Western-Style Suites Above Massive Indoor Water Park
High above Fort Mackenzie—the four-story waterlogged treehouse that feels like a mixture of Swiss Family Robinson and Pirates of the Caribbean —a 1,000-gallon bucket slowly fills with water. Suddenly, the big bucket topples, drenching those gathered below in a torrent of water. Heated to a balmy 84 degrees, Great Wolf Lodge’s indoor water park sports more than 10 splash-filled attractions including a wave pool, several tunnel slides, the Crooked Creek lazy river, and two Hot Springs warming pools.

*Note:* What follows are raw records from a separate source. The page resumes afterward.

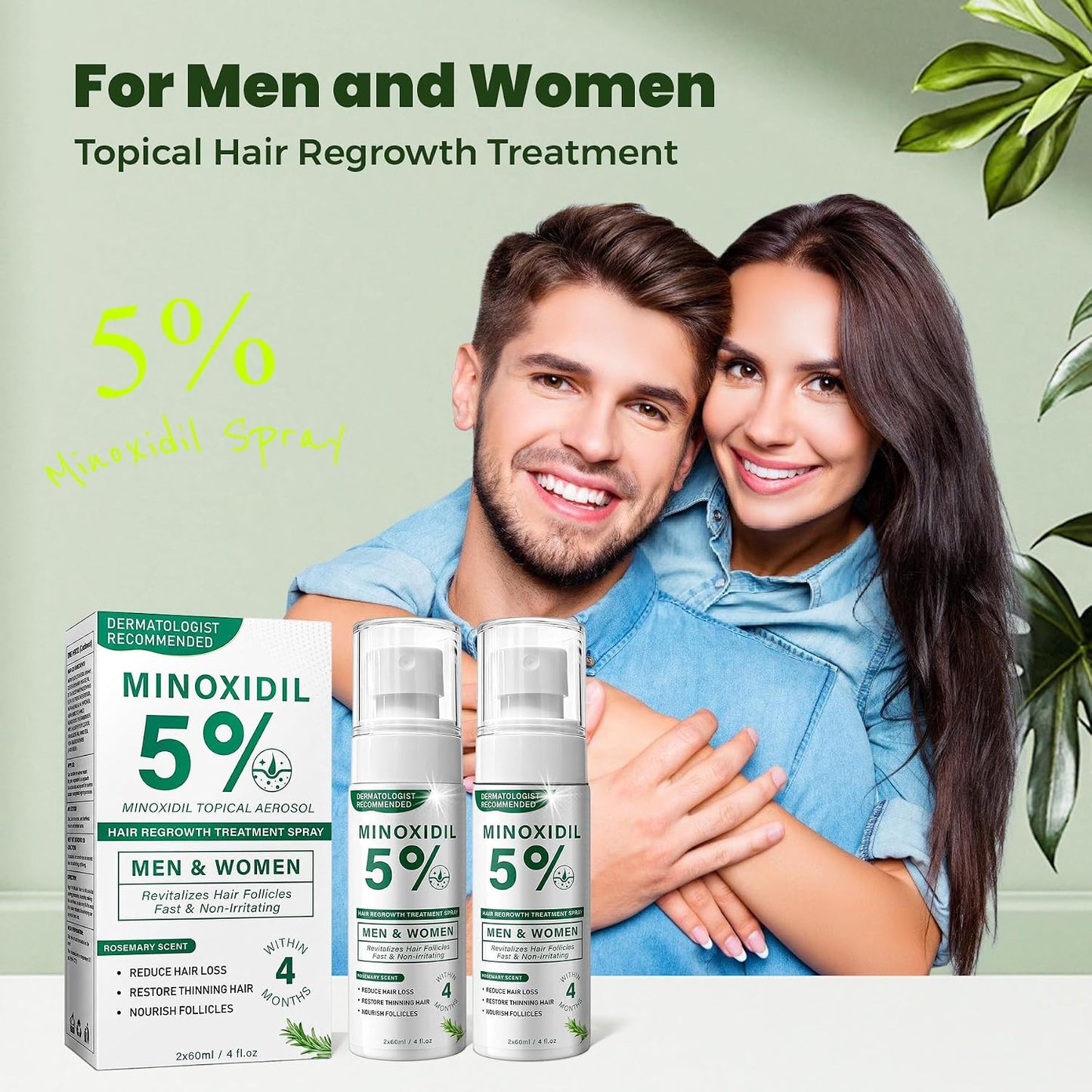 Minoxidil Hair Regrowth Spray for Men & Women - Rosemary Scent | 2 x 60ml Value Pack for Thinning Hair & Receding Hairline
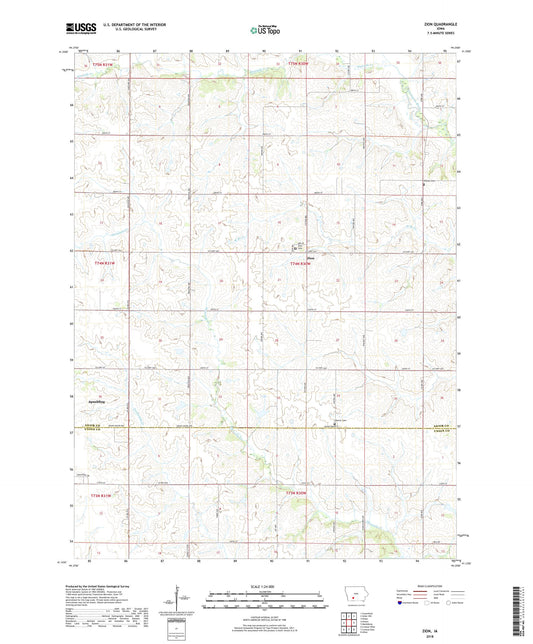 Zion Iowa US Topo Map Image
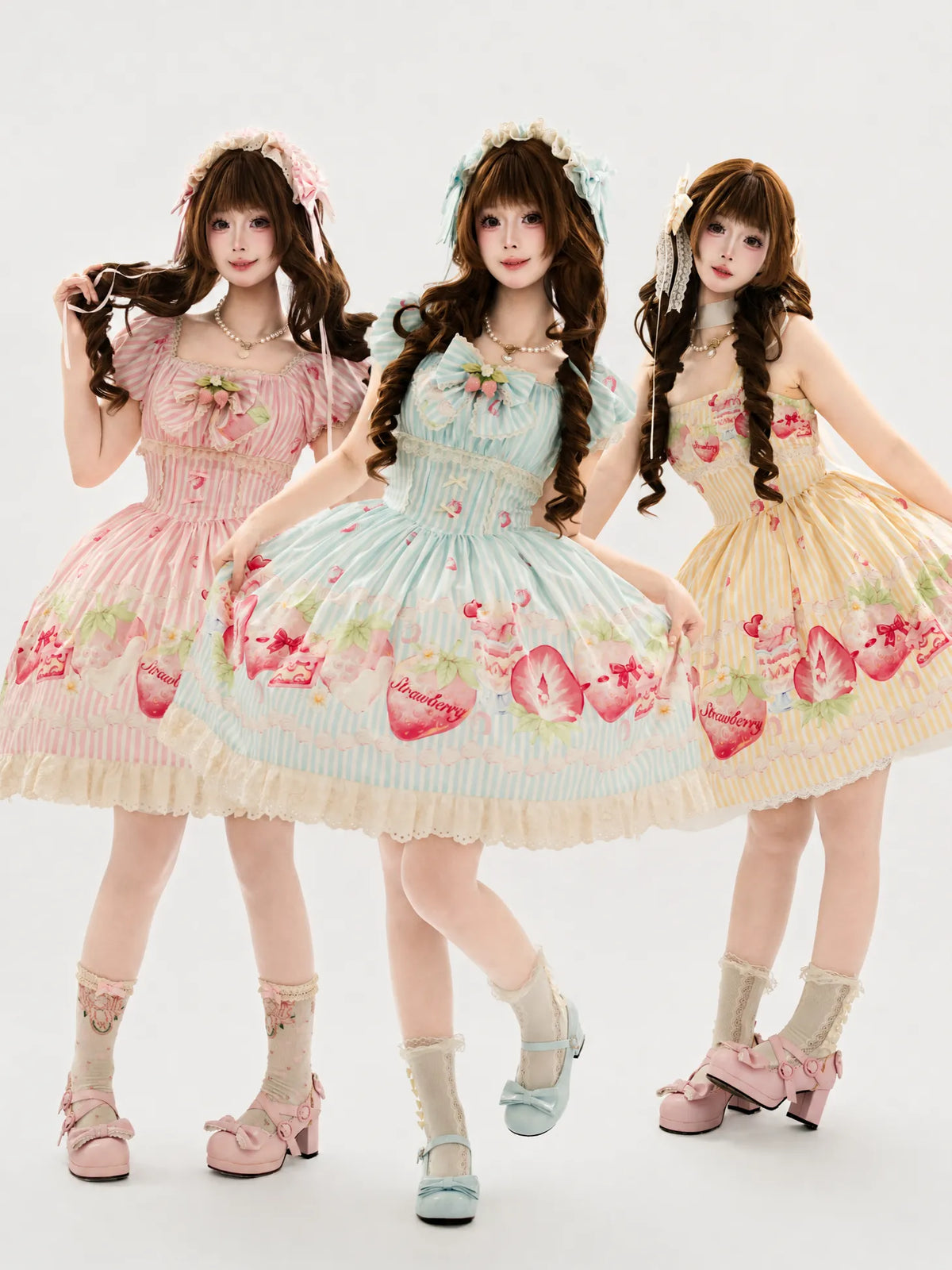 Strawberry Fairy Realm Sweet Stripe Lolita Print OP Dress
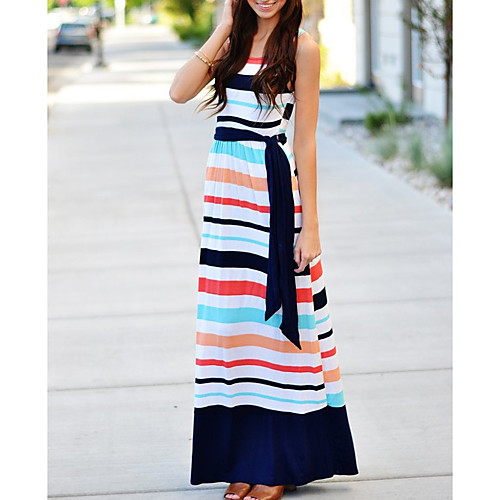 

Women's Sheath Dress Maxi long Dress White Sleeveless Striped Summer Round Neck Streetwear S M L XL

The 80,000-square-foot aquatic arena is merely one of the many activities at the hotel's multi-entertainment campus. At the MagiQuest live-action adventure, kids wield magic wands and journey through a kingdom to meet mythical creatures, including a pixie, a dragon, and a Bob Dylan. Teens will gravitate toward gr8_space, a trendy hangout lit with midnight-blue and green lights, where they can play video games or dance to the music of a live DJ. Scooops Kid Spa gives manicures and pedicures to pint-size patrons sitting atop ice-cream-cone stools and banana-split thrones—free ice cream predictably and happily completes each visit.
Up to six bear cubs and adults can comfortably slumber in the rustic Grizzly Bear Suite. Daily itineraries can be planned in the separate living area, complete with a couch and two armchairs. Each of Great Wolf Lodge’s three spacious premium suites accommodates up to eight guests.
Greater Dallas/Fort Worth: Scenic Landscapes and Arty Flair
The Dallas Arboretum & Botanical Gardens makes for a relaxing escape, as its verdant 66-acre property along White Rock Lake is rife with seasonal flowers, shrubs, trees, and plants. Holiday décor at the arboretum includes seven fairy-tale castle exhibits, such as Beauty and the Beast and Rapunzel. Families can pose for photos and juggle glass slippers inside Cinderella's enchanted holiday carriage, harnessed to two topiary horses.
Because of Dallas's relatively temperate climate, the outdoor Nasher Sculpture Center stays open year-round. On display through January 8 is Tony Cragg: Seeing Things, a collection of approximately 30 large, modern sculptures that speckle the park with vibrant colors and unusual shapes.